- **EXERCISE BRIEF**: Retype each entry exactly. Skip any pictures.

(Beginning of THE DATA)

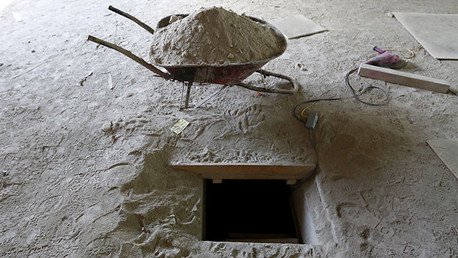 'Le Monde' se burla de la fuga de 'El Chapo' con una viñeta de la bandera mexicana 'rota'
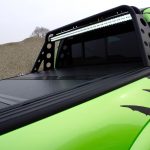 Ford F-150 SVT Raptor mit Led-Balken am Überrollbügel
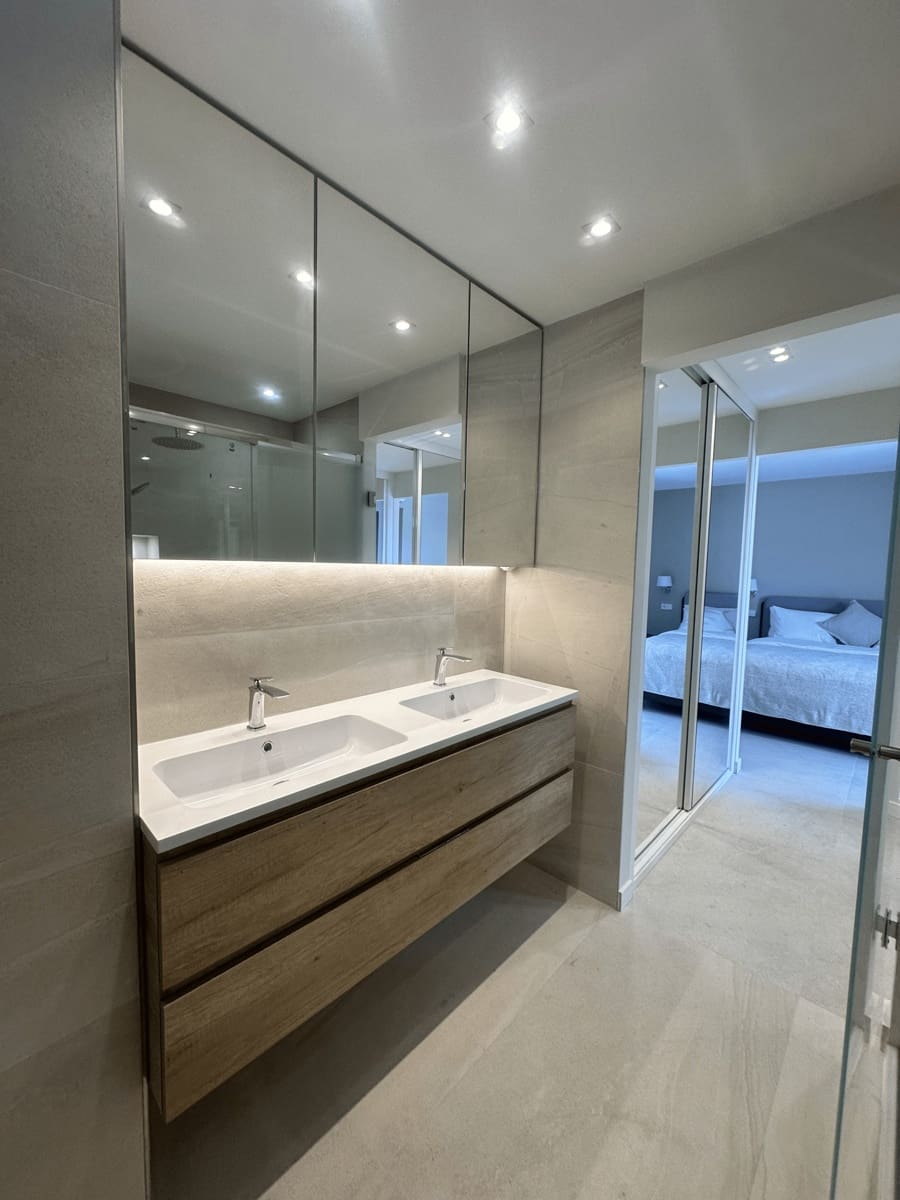 2 bedroom Flat for sale in Portals Nous - € 1,195,000 (Ref: 9082021)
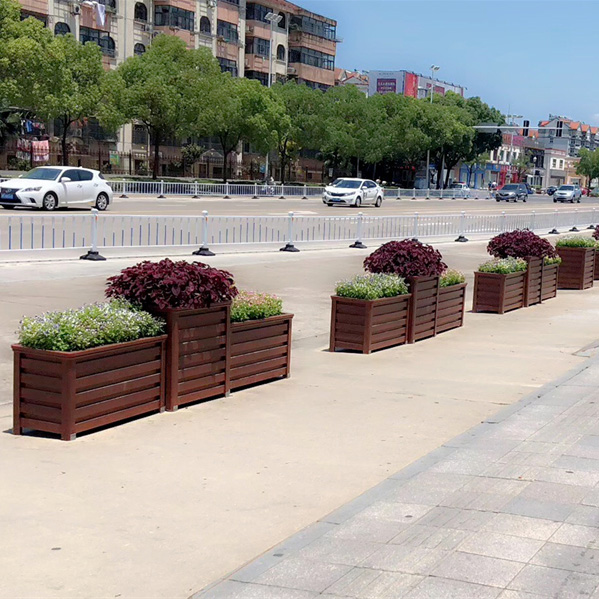 信阳红橡木纹条形框道路花箱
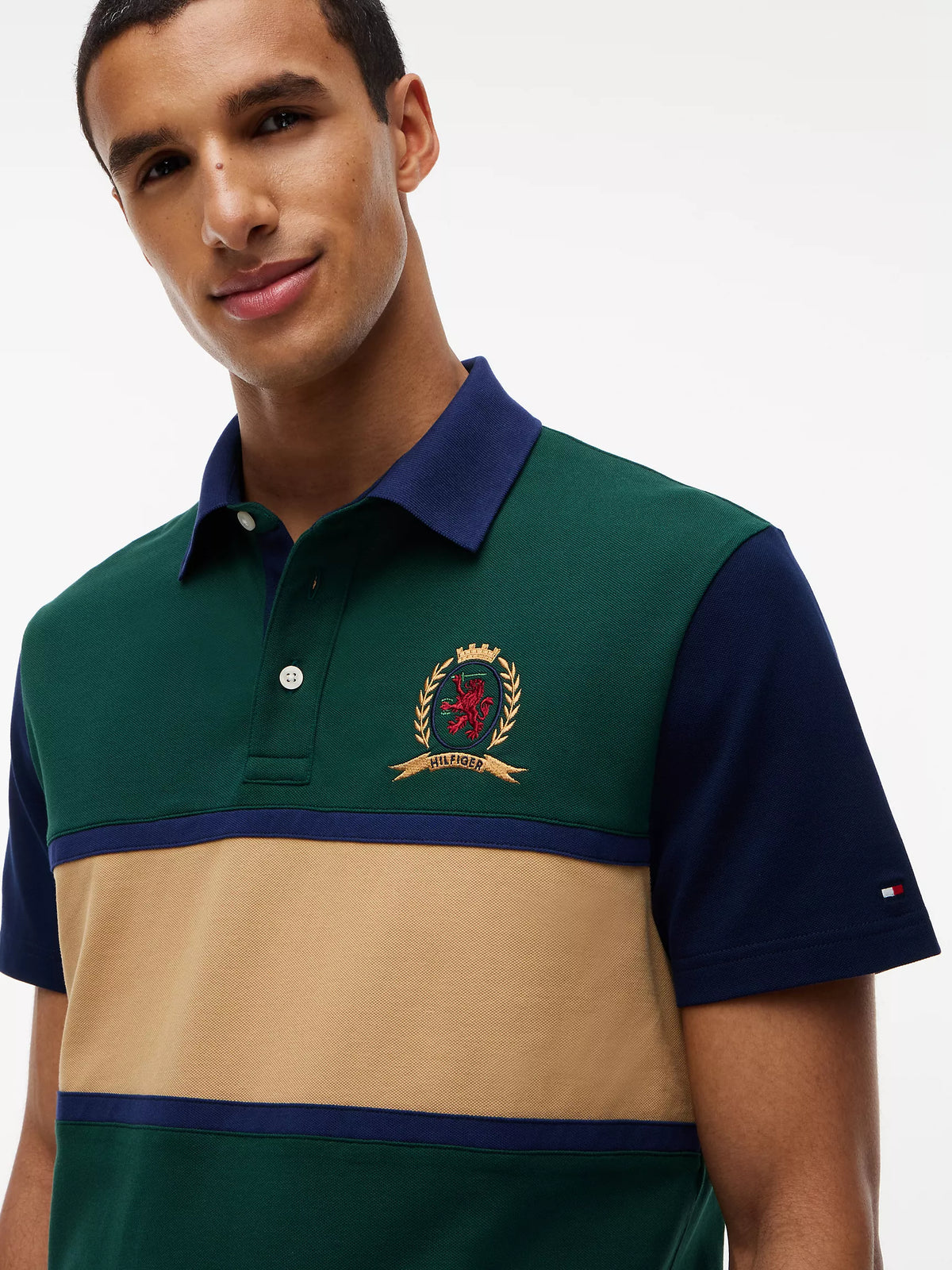 Polo Regular Fit à logo écusson colorblock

(End of THE DATA)

- **SOLUTION FOR THIS TASK**:
 'Le Monde' se burla de la fuga de 'El Chapo' con una viñeta de la bandera mexicana 'rota'
 Ford F-150 SVT Raptor mit Led-Balken am Überrollbügel
 2 bedroom Flat for sale in Portals Nous - € 1,195,000 (Ref: 9082021)
 信阳红橡木纹条形框道路花箱
 Polo Regular Fit à logo écusson colorblock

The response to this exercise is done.